I'm a 28 year old software developer from London, sticking my fingers into the pies of web development, native mobile apps and devops.
Bio
I graduated from the University of Plymouth with a BA in Digital Art & Technology (Interaction Design), where we were encouraged to blog about our projects; so you will find that many of the earlier posts revolve around this. Prior to that I had already gotten my feet wet building websites for local businesses whilst I was saving for a gap yah.
After university I dove right into the deep-end, starting as a freelancer and getting involved in projects for the likes of Virgin Holidays, Virgin Atlantic & Trend Microsystems (amongst others). Whilst I was primarily working as an Android developer, I was often involved in implementing the backend systems for these apps, which led into my passionate affair with Laravel and all things backend.
Towards the end of 2017 I was getting weary of the stream of one-off projects, feeling like I never had the time to nurture them. I wanted something that I could treat as my baby, something that was constantly evolving and improving. Around the same time, a friend from school approached with a proposition. He wanted to build on a project we had delivered for a customer a few years prior.
The project (then known as Project Clive) was an add-on to a piece of legacy software used in the Social Care industry, and provided a cloud-based visit verification system that tied into to an on-premise database application. The project had been live for a couple of years and had been massively successful, the home care provider we delivered the project for had managed to streamline much of their workflow, cut the costs of printing paper rotas, and most importantly were secure in the knowledge that their vulnerable service users were being attended.
We started CareLineLive as a product that would bring the rest of a home care agency's workflow online and into the "cloud". In the last two (and a bit) years we've secured private equity funding, turned the project into a product and grown the company from a team of 2 to 15.
I'm always reminded about a making a comment somewhere along the lines of "I don't want to work in the healthcare industry, it's boring", but I couldn't have been more wrong.
Technologies & Philosophies
Whilst I would consider my bread & butter to be database-driven backends, I'm very much involved in all aspects of the product lifecycle.
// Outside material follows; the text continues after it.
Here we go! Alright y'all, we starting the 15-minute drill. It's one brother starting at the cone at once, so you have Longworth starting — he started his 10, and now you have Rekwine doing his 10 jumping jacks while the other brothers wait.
I'm used to working solo, and with CareLineLive we've still kept the development team small.
My current day-to-day contains a mixture of the following:
- Backend - mainly PHP & Postgres, including heavy use of Laravel
- Frontend - Angular, Sass, & Typescript
- Android - Kotlin
- iOS - Swift
- Devops - Kubernetes, Elastic Beanstalk, AWS, Google Cloud, and using Terraform for provisioning
Many of the above I've aren't things I'd had experience of before CareLineLive. I was already frequently building backends, frontends, Android apps, and hosting them with Elastic Beanstalk; and while I've learnt a lot applying those skills to CareLineLive, iOS and Kubernetes weren't on my radar previously.
The need to pick up the CareLineLive iOS development came about after a bad experience with contractors. We had a deadline that couldn't be moved and they failed to deliver. This led to me picking up the pieces and owning it from then on.
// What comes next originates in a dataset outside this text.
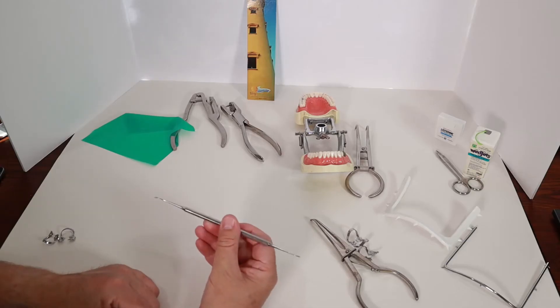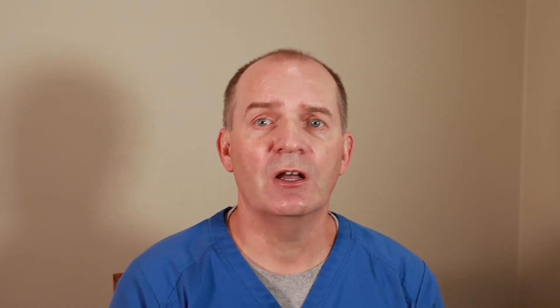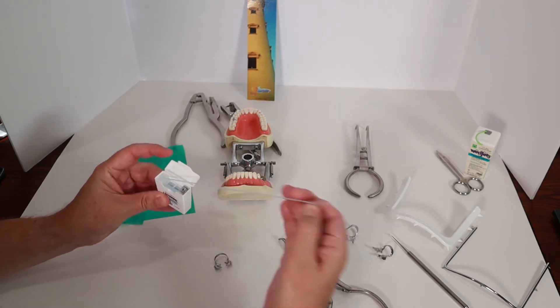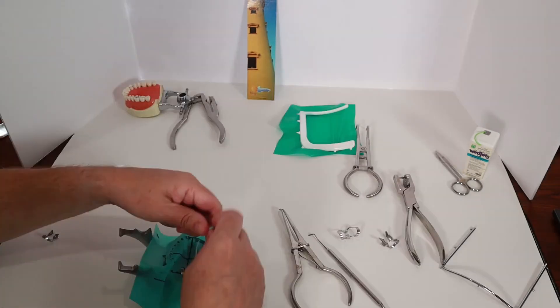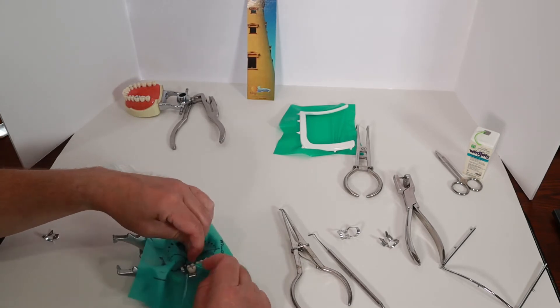The last tool I'll use is a dull-edged instrument, such as this plastic instrument which I use to place white fillings. I'll use it to tuck the rubber dam completely under the clip. I'll also use some dental floss to tuck the rubber dam down in between the teeth. This step is very important when I'm placing the rubber dam around multiple teeth.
As we were getting started we would host customer environments on Elastic Beanstalk. Each customer would get their own web & database servers. This was fine whilst we had a handful of customers, but knew it wouldn't be manageable in the long-run. Deployments involved manually uploading a ZIP file for each environment.
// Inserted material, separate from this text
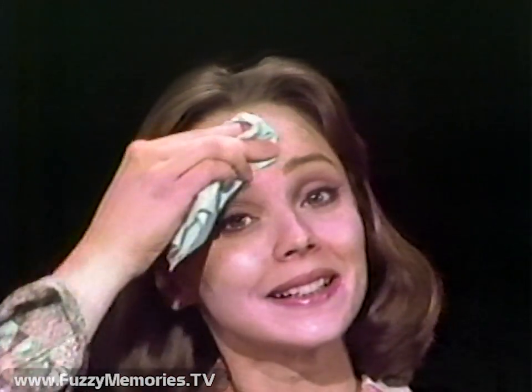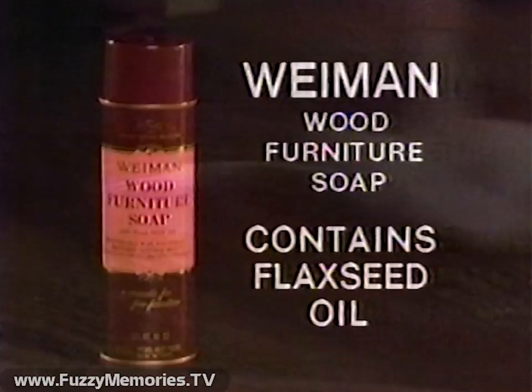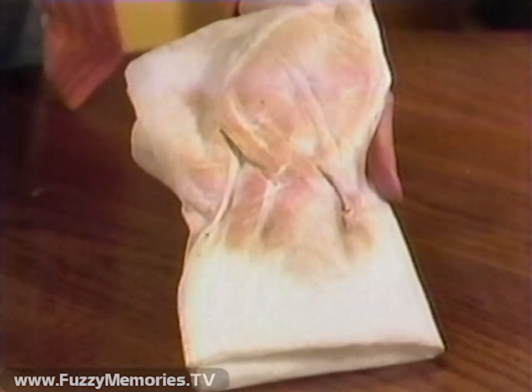You wouldn't apply layer after layer of makeup without cleaning off the old makeup. Yet every week you put layers of polish on your furniture over dirt and smoke film. That's why wood furniture should be cleaned periodically with Wyman Wood Furniture Soap. Not a polish or wax, it's a gentle cleaner made for fine wood. You'll be amazed at how Wyman Wood Soap removes those layers of dulling wax and dirt.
I made the decision to explore Kubernetes, which would allow us to simplify the management of each customer's environment whilst maintaining sandboxing and resource compartmentalisation. Terraform was a natural choice, allowing us to spin up additional identical clusters in different countries or when nearing capacity. Deployments are as simple as changing a container tag now. It's also allowed us to cut the cost per environment by about 70%.
My take on learning new technologies is always the same; dive in head first, fail, fix, and repeat. Reading & academia can only get you so far, you should spend your time tackling problems head-on. There's nothing more motivating than solving a problem you're invested in. Keep an open mind, don't be afraid of tools you haven't used before, and throw the towel in.